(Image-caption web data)
┌──

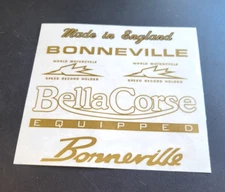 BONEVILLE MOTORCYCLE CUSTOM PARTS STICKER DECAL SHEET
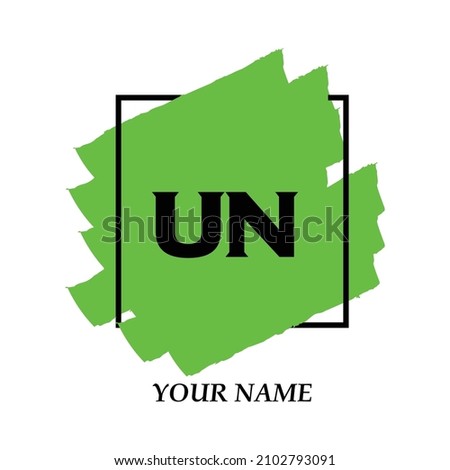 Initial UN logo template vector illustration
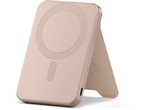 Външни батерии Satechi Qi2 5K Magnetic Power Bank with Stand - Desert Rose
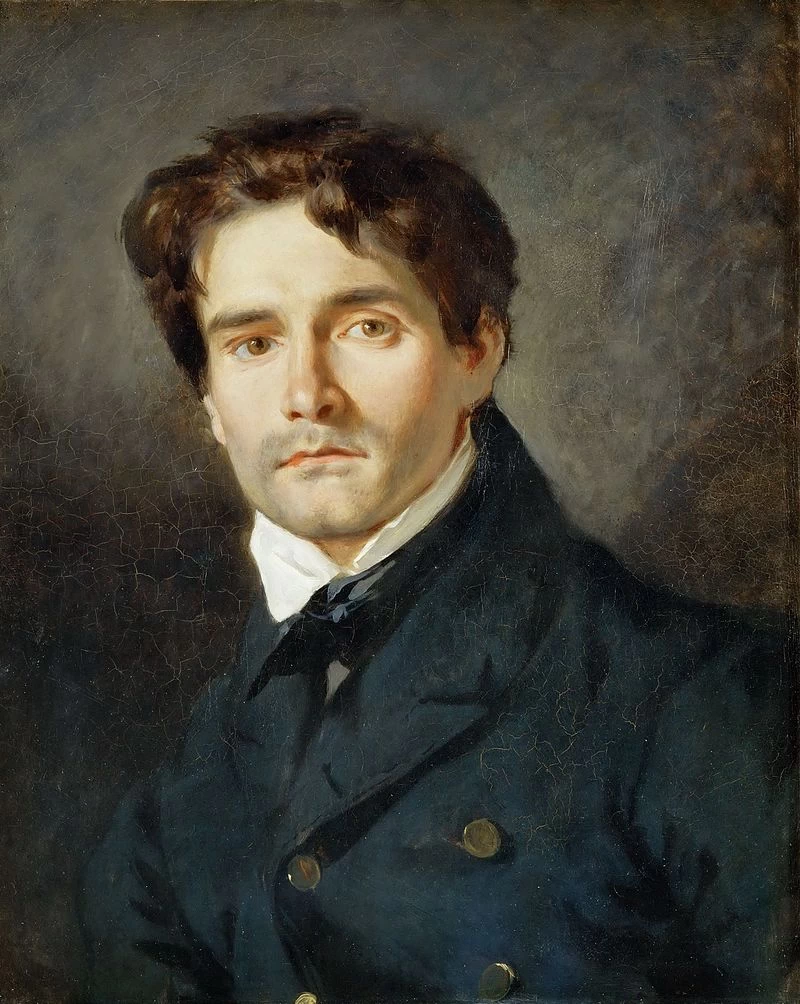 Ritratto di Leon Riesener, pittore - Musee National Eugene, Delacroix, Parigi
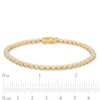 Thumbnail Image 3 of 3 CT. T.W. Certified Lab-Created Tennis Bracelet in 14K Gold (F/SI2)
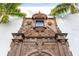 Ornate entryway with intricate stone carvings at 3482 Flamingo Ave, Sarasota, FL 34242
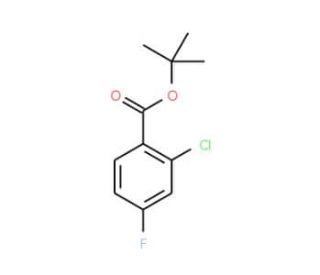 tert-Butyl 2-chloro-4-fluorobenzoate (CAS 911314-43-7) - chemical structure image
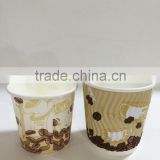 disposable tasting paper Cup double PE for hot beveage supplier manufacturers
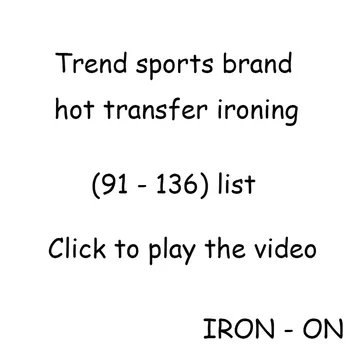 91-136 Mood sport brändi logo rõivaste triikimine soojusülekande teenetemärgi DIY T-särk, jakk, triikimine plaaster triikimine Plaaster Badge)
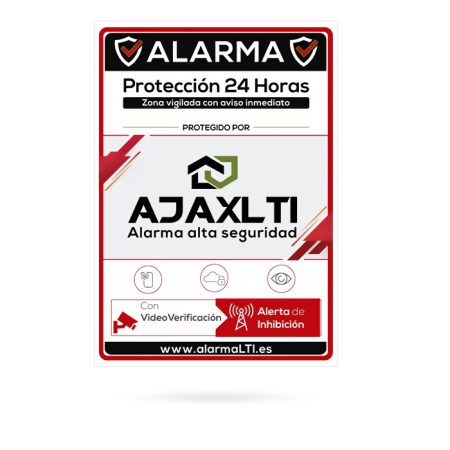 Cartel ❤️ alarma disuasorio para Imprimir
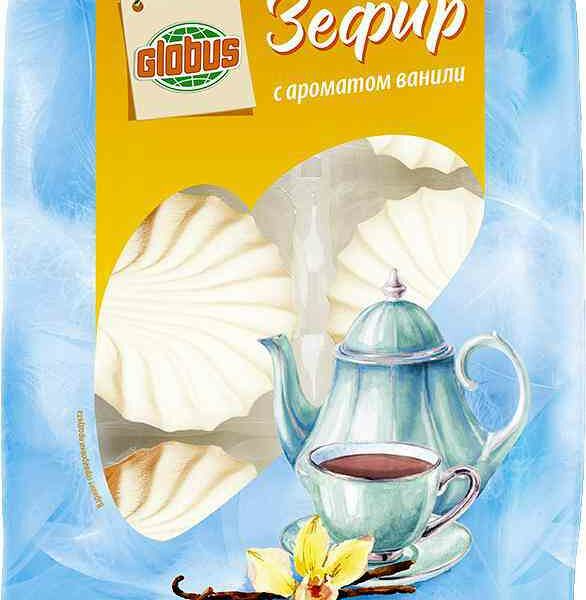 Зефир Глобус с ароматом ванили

└──

What you should do:
Word for word, give back each entry from above, but skip any picture.

Answer for this exercise:
 BONEVILLE MOTORCYCLE CUSTOM PARTS STICKER DECAL SHEET
 Initial UN logo template vector illustration
 Външни батерии Satechi Qi2 5K Magnetic Power Bank with Stand - Desert Rose
 Ritratto di Leon Riesener, pittore - Musee National Eugene, Delacroix, Parigi
 Thumbnail Image 3 of 3 CT. T.W. Certified Lab-Created Tennis Bracelet in 14K Gold (F/SI2)
 Ornate entryway with intricate stone carvings at 3482 Flamingo Ave, Sarasota, FL 34242
 tert-Butyl 2-chloro-4-fluorobenzoate (CAS 911314-43-7) - chemical structure image
 disposable tasting paper Cup double PE for hot beveage supplier manufacturers
 91-136 Mood sport brändi logo rõivaste triikimine soojusülekande teenetemärgi DIY T-särk, jakk, triikimine plaaster triikimine Plaaster Badge)
 Cartel ❤️ alarma disuasorio para Imprimir
 Зефир Глобус с ароматом ванили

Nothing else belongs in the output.